Dijo el padre Daly que ésta fue la misma lección reflejada en la homilía del Papa Benedicto XVI en un sermón que le predicó a los sacerdotes diocesanos en 2008 (e impresa en agosto de 2009, publicada en 30 DÍAS, una revista católica internacional basada en Italia). En esa homilía, el Papa, también, se describe a sí mismo como haber sido “bastante severo” en sus actitudes como sacerdote joven, pero dijo que con el tiempo ha ido cambiando, siguiendo el ejemplo que ha dejado Jesús.
“Él era el Señor de la misericordia”, dijo Benedicto XVI, “muy abierto”-de acuerdo con autoridades oficiales-con los pecadores. Dándoles la bienvenida o invitándolos a cenar, atrayéndolos a él en común unión”.
Y, no es sorpresa, que hay una lección para todos nosotros como Christophers.
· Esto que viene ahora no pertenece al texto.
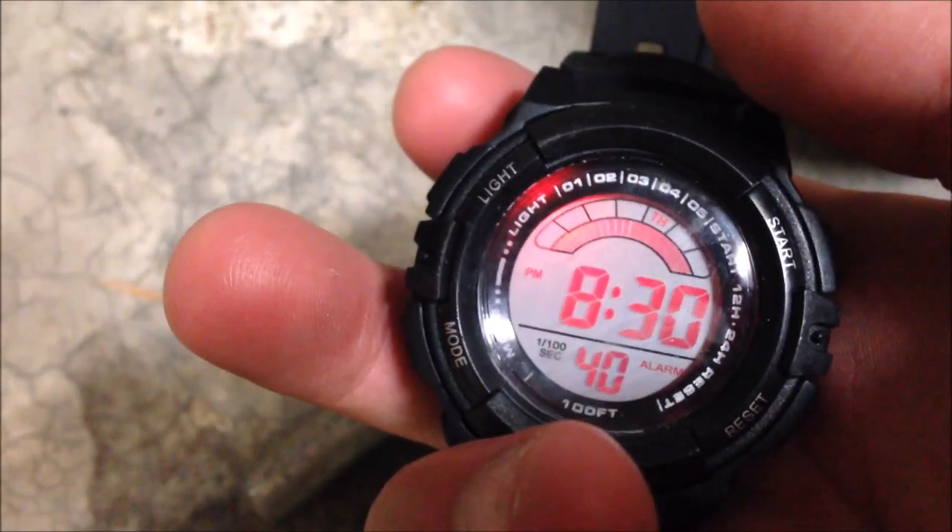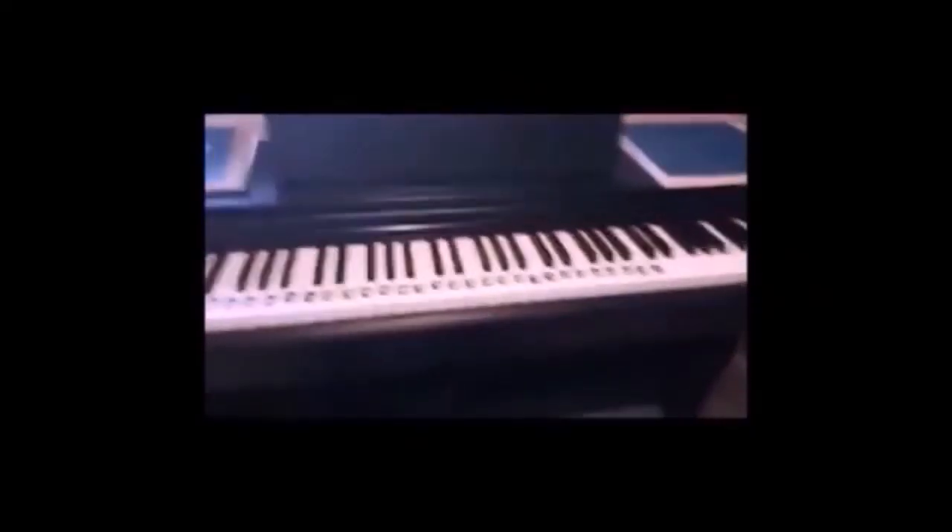And yet everything still works perfectly fine on this — the alarm, the stopwatch, even the light still works. The battery is all good, and there's no sign of water entry. So you can say that you can safely swim with these watches. Hope you guys enjoyed this quick little test. I'll see you guys in the next video — don't forget to subscribe and ring that bell. Bye bye.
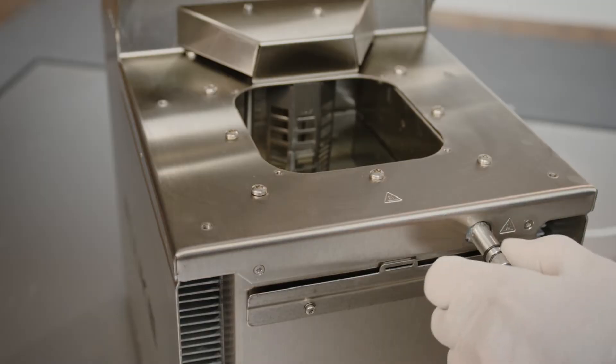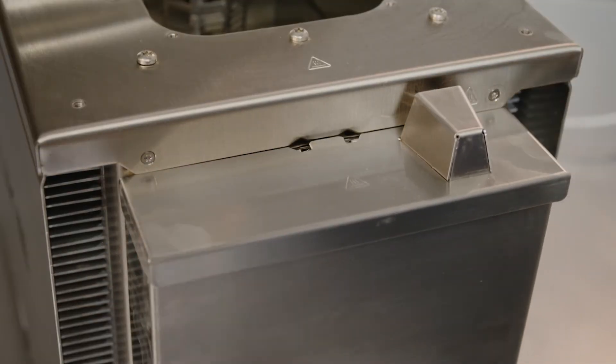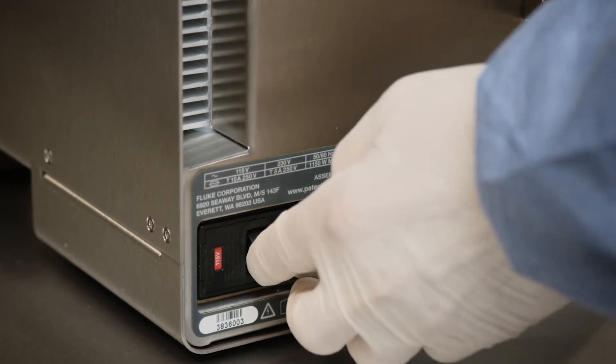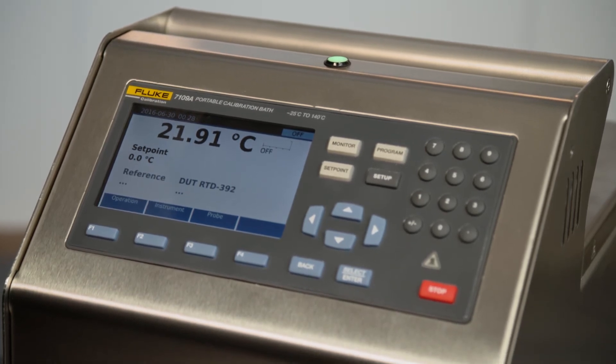If you're using the optional overflow kit, remove the cap of the overflow tube and install the overflow tank. Plug in the bath and power it on. In this example, we're using a 7109A process electronics as the thermometer readout.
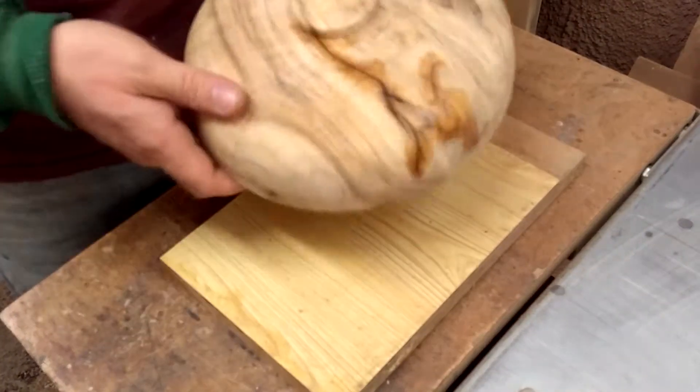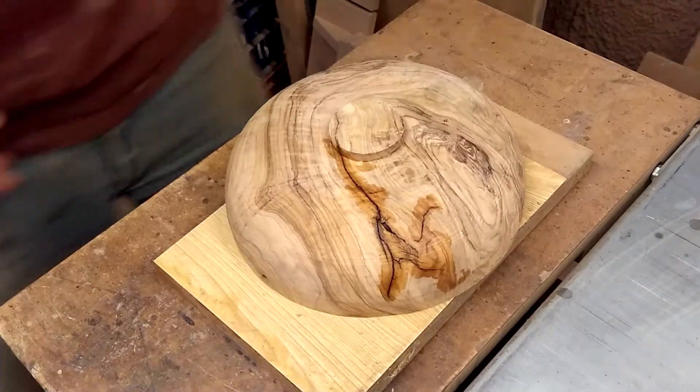And now that bowl is ready to turn. Let's go.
Tenemos que aprender a llevarnos bien con otras gentes de la forma y manera que son, no de la forma y manera que nos gustaría fueran, o de hecho cuando frecuentemente demandamos que lo sean. Eso no quiere decir que estamos obligados a aceptar todo lo que venga. Debemos de animarlos con nuestros “sacramentos”: una palabra amable, el ejemplo de nuestras vidas. Vivir una buena vida lleva a otros a imitarla. Aquí, un pensamiento final del padre Daly:
“La gente a veces viene a mí con cierto tipo de crisis: ellos se han comprometido al pecado o se sienten adoloridos. Frecuentemente ellos se han alejado de la Iglesia por mucho tiempo. Mi labor consiste en dejar la puerta de la iglesia abierta para ellos, no ponerles barreras en sus caminos”.
Creo, que está muy bien dicho. Y son palabras de vida.